Data shown
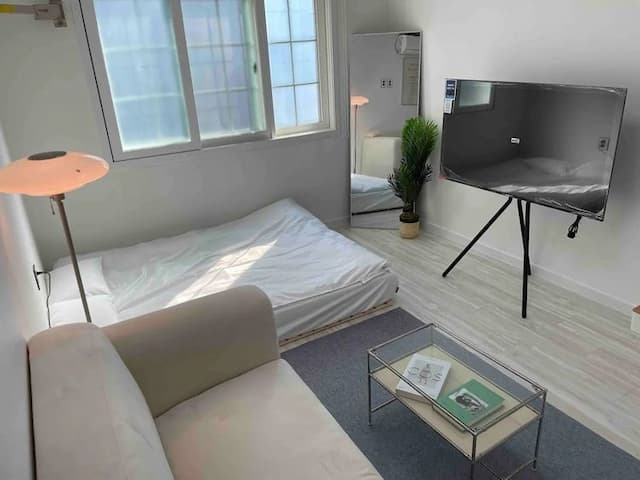 Stay Here-StayHere (B-6) [Gwangan] 5 minutes from Gwangalli Beach [5 "TV]-2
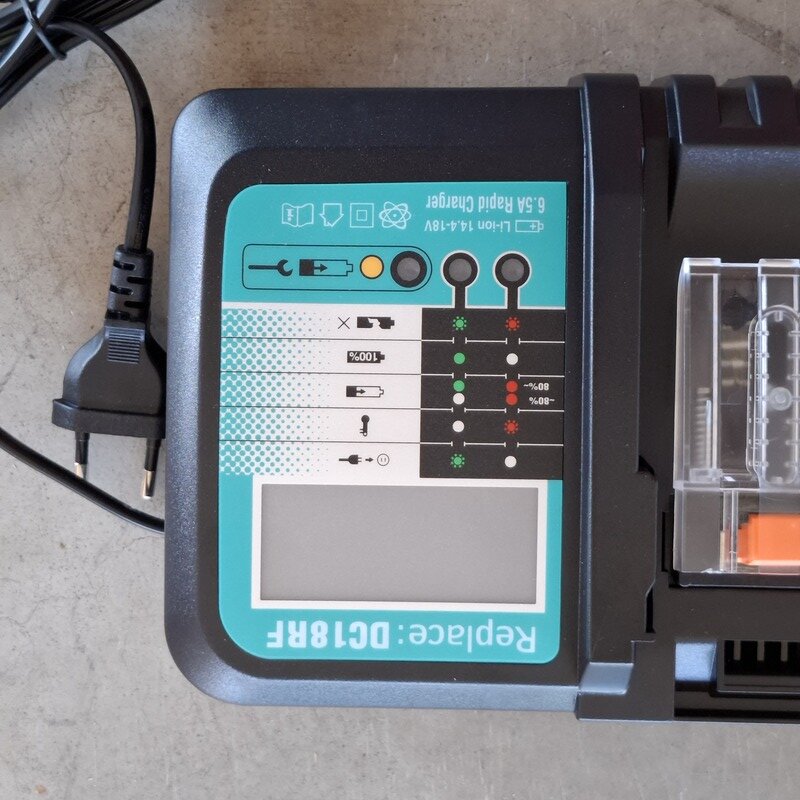 Acculader, DC18RF | 18/14.4V 6.5A – foto 2 – kavel bij Onlineveilingmeester, Raalte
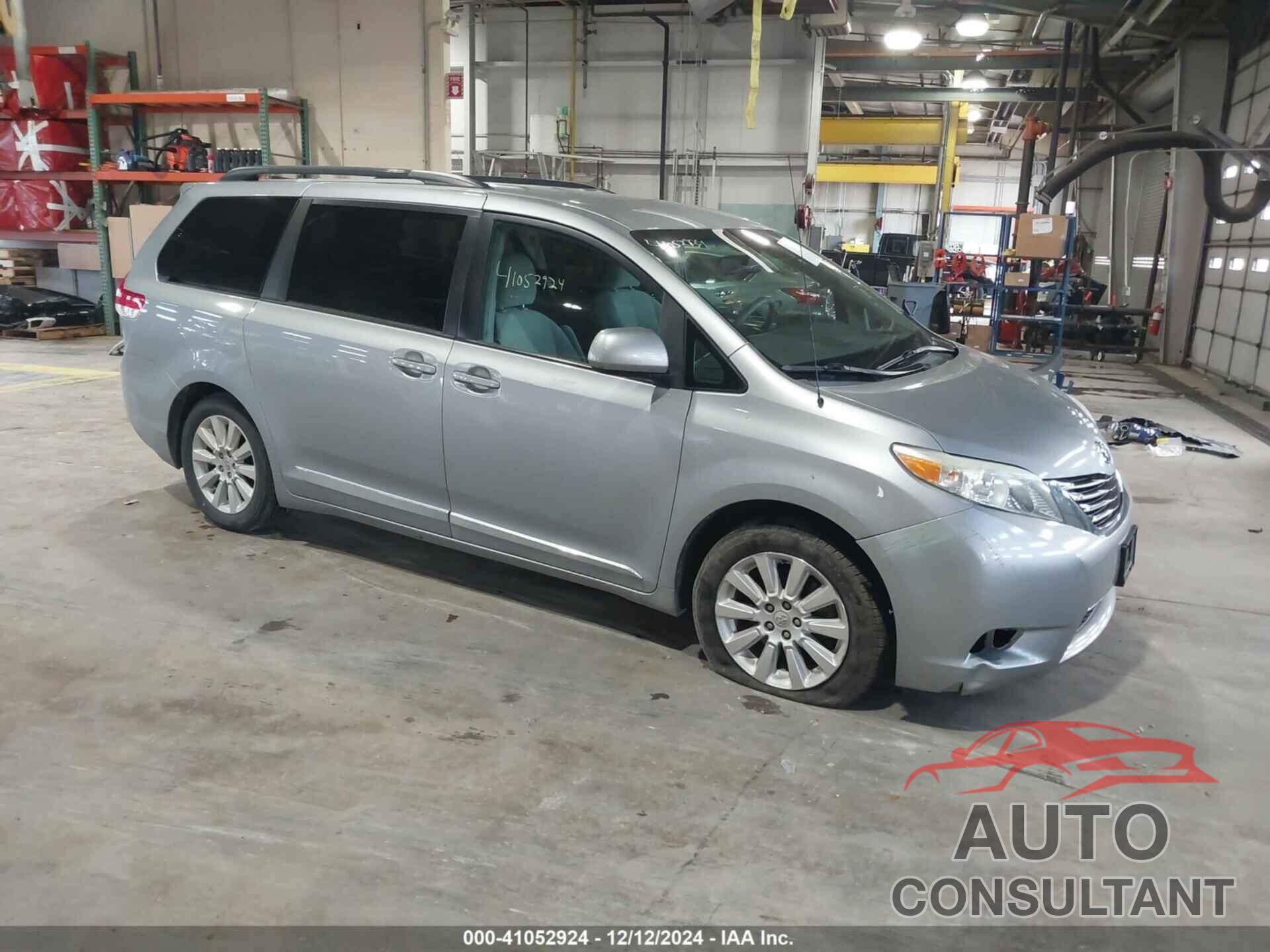 TOYOTA SIENNA 2012 - 5TDJK3DC8CS034077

What to produce
Copy the material above in full and exactly, skipping pictures.

Answer below
 Stay Here-StayHere (B-6) [Gwangan] 5 minutes from Gwangalli Beach [5 "TV]-2
 Acculader, DC18RF | 18/14.4V 6.5A – foto 2 – kavel bij Onlineveilingmeester, Raalte
 TOYOTA SIENNA 2012 - 5TDJK3DC8CS034077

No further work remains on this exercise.